Today, the last trading day of this week, the Australian dollar (AUD) inched high with the price of 0.7739 against the US dollar (USD).
The AUD/USD currency pair continuously be on the uncertainty track for the last two weeks.
As a result, it’s difficult to portray the true image of the pair. If it rises one day, we will see a red bearish candle on the graph the next.
Besides many other reasons, the recent increase in the pair’s price might be happening because of the Consumer Price Index (CPI).
Australian Bureau of Statistics will release the CPI on April 28, 2021. According to economists’ consensus, it might remain 0.9% in the first quarter of this year compared to the last quarter of last year.

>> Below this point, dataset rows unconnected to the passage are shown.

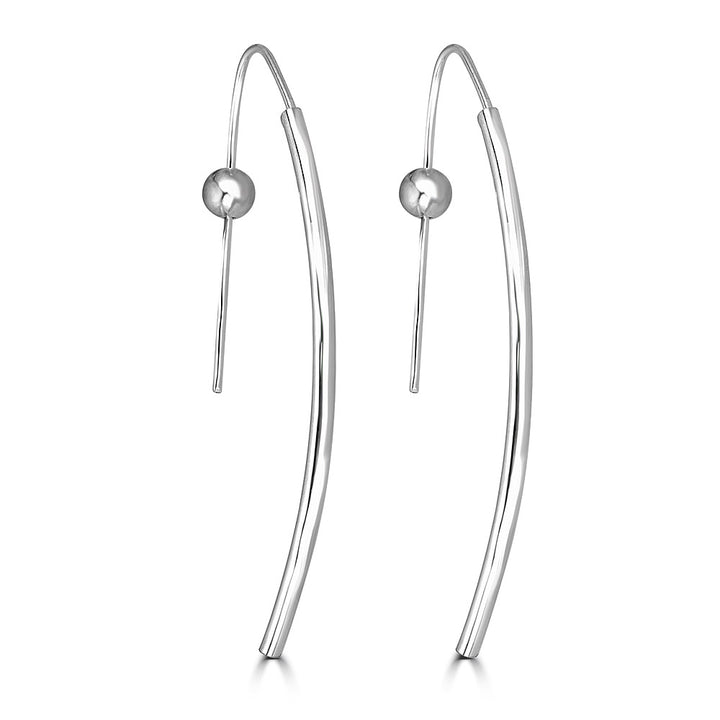 Long Curve Wire Earrings with Ball Post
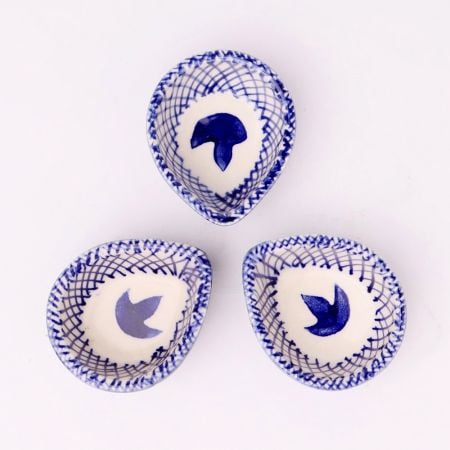 Blue and White Design Ceramic Diwali Diya-Pack of 3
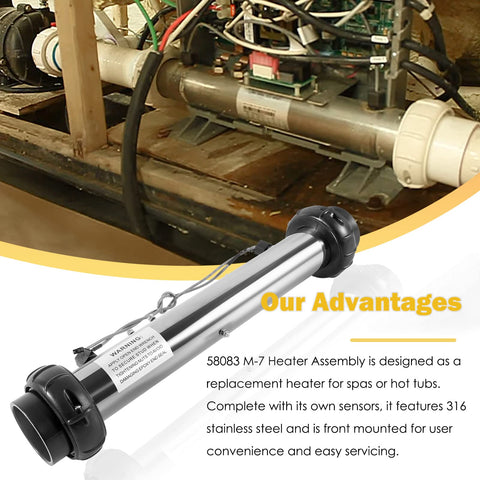 E-cowlboy 5.5KW Incoloy Flo-Thru heater element for steady spa heating.
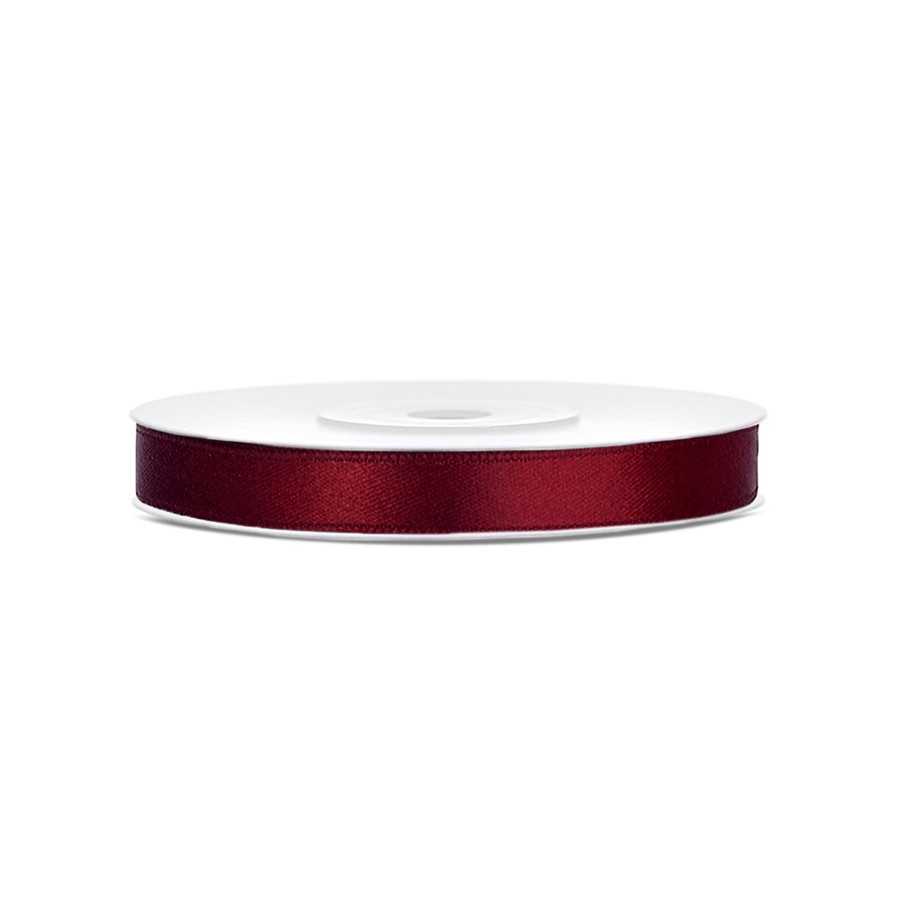 25 m ruban satin bordeaux 6 mm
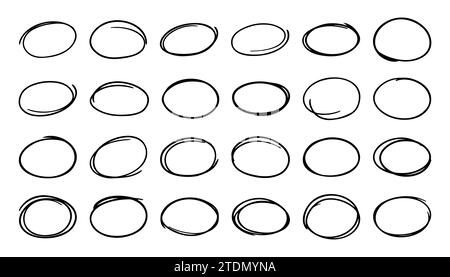 Satz von Hand gezeichneten ovalen Ellipse Kritzelvektorillustration Stock Vektor
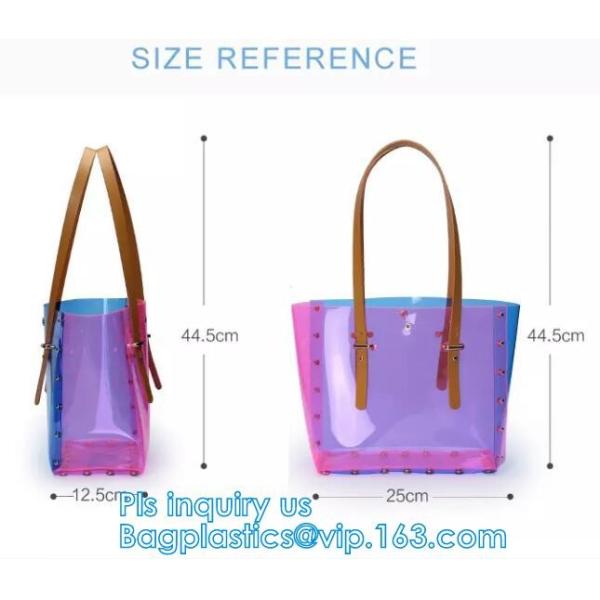 PVC Shopping Bag Security Work Tote Shoulder Bag Womens Handbag, pvc transparent women summer handbag, tote shopper bags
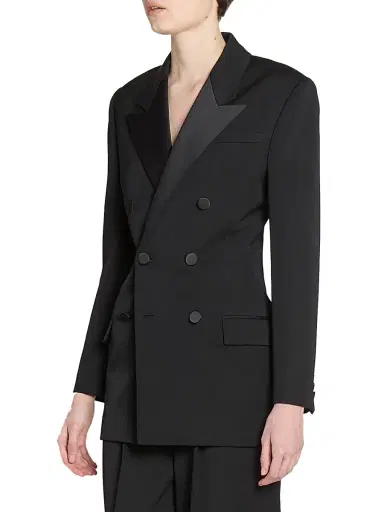 Saint Laurent Women's Tuxedo Jacket in Grain De Poudre | Thumbnail 5 Saint Laurent Women's Tuxedo Jacket in Grain De Poudre | Thumbnail 5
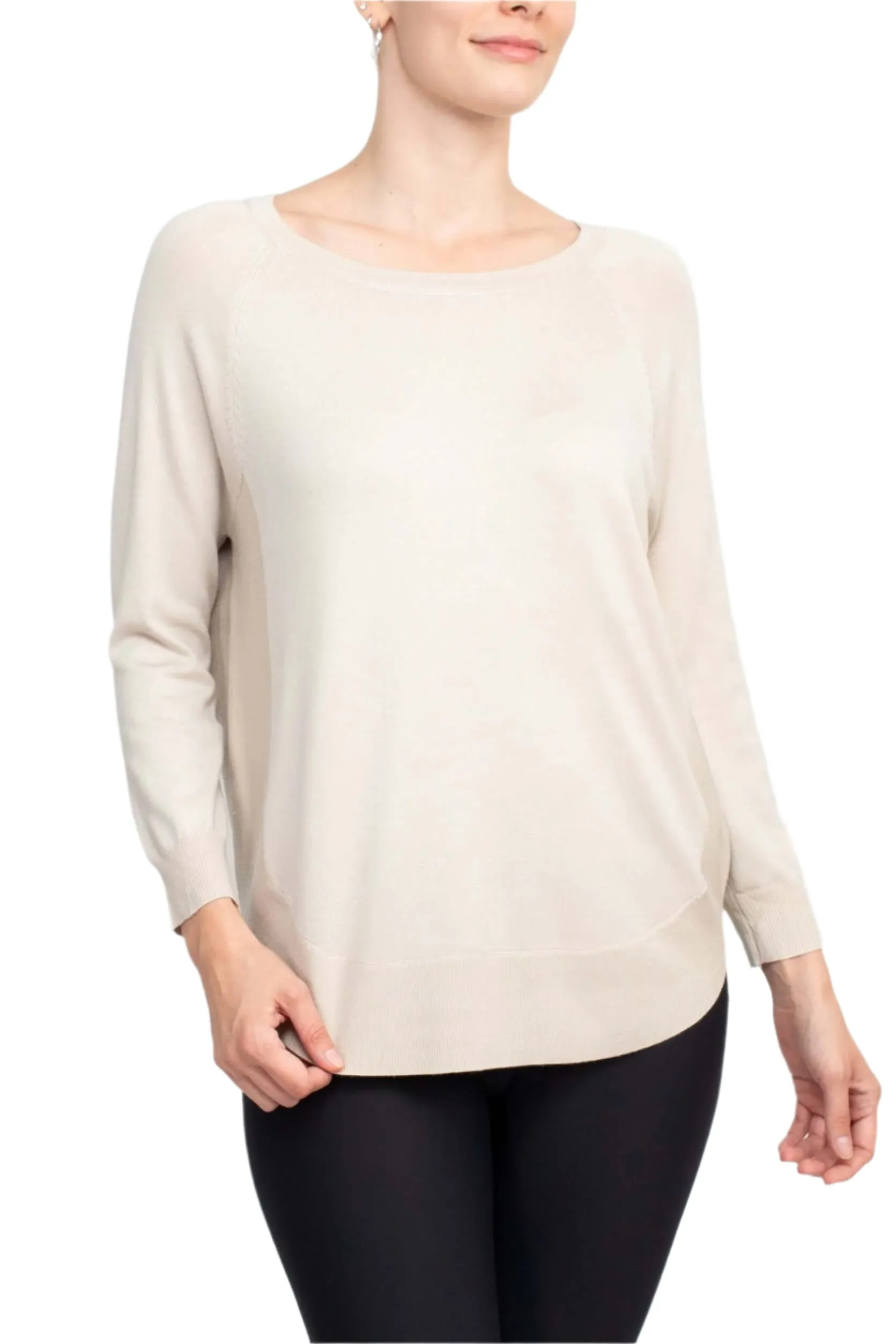 Anna Rose Scoop Neck Long Sleeve Solid Knit Top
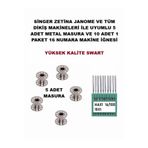 Swart SİNGER ZETİNA ZENITH OMEGA HOMEMAX EV TİPİ MAKİNE İĞNESİ 16 NO 10 ADET 5 ADET METAL MASURA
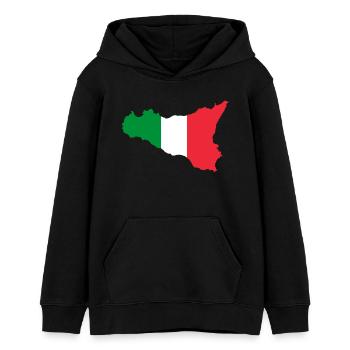 Sicile couleurs classique - Sweat à capuche ado bio Stanley/Stella - noir - Devant - AI Model Teenager Male light (155cm)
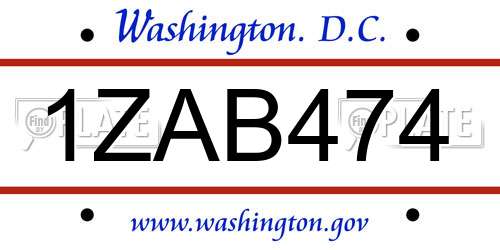 1ZAB474 District Of Columbia License Plate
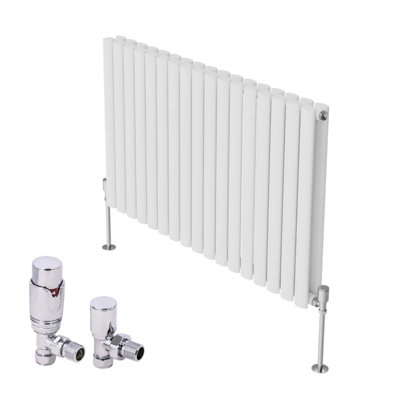 B&Q -  Horizontal Designer Oval Column Radiator Radiators White 600 X 1003mm Double With Angled Thermostatic Valve
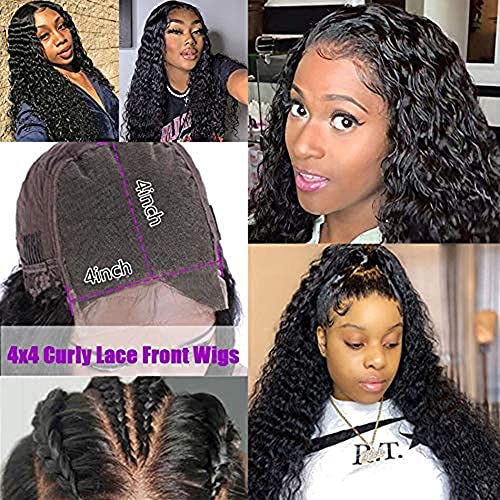 30 Inch Deep Wave Lace Front Wigs Human Hair for Women 4X4 Hd Lace Closure Brazilian Virgin Wig Wet and Wavy Wear and Go Glueless Wigs Pre Plucked Bleached Knots Natural Black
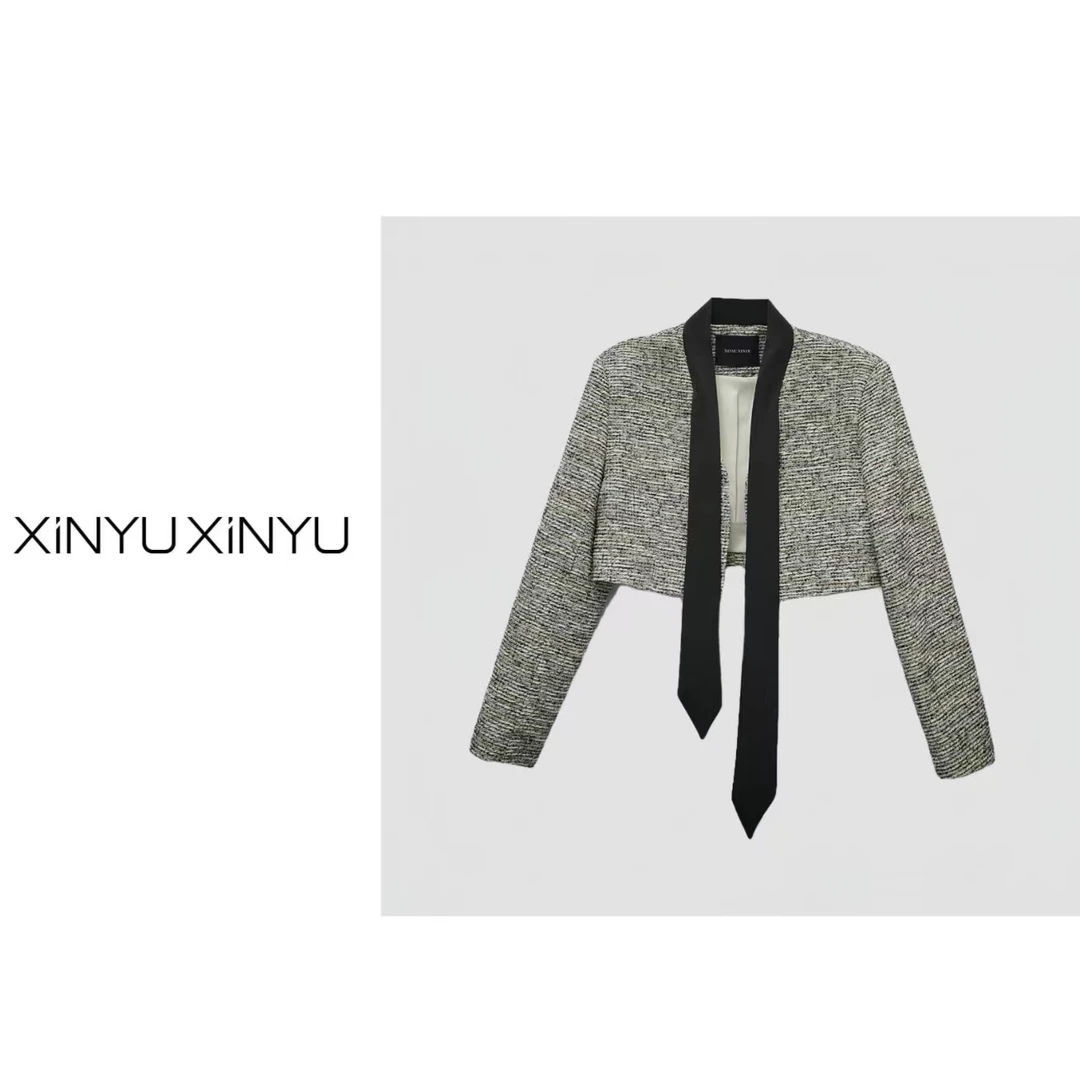 XINYU/芯与 G『嘉柏丽尔』 飘带花呢感香风外套 31765 上衣女外套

The CPI compares the retail prices of a representative shopping basket of products and services to determine price movements. Inflation reduces the purchasing power of the Australian dollar. The CPI is a measure of inflation and shifts in spending patterns. A high reading for the AUD is positive (or bullish), whereas a low reading is negative (or bearish).
There is the horizontal support level after the pair’s price, which might push the AUD/USD pair toward the forward momentum.
Considering the pair are predicted to increase, selling the pair about 0.7821 could be a better short-term choice. However, due to the volatile nature of the market, prices can fluctuate, resulting in different outcomes.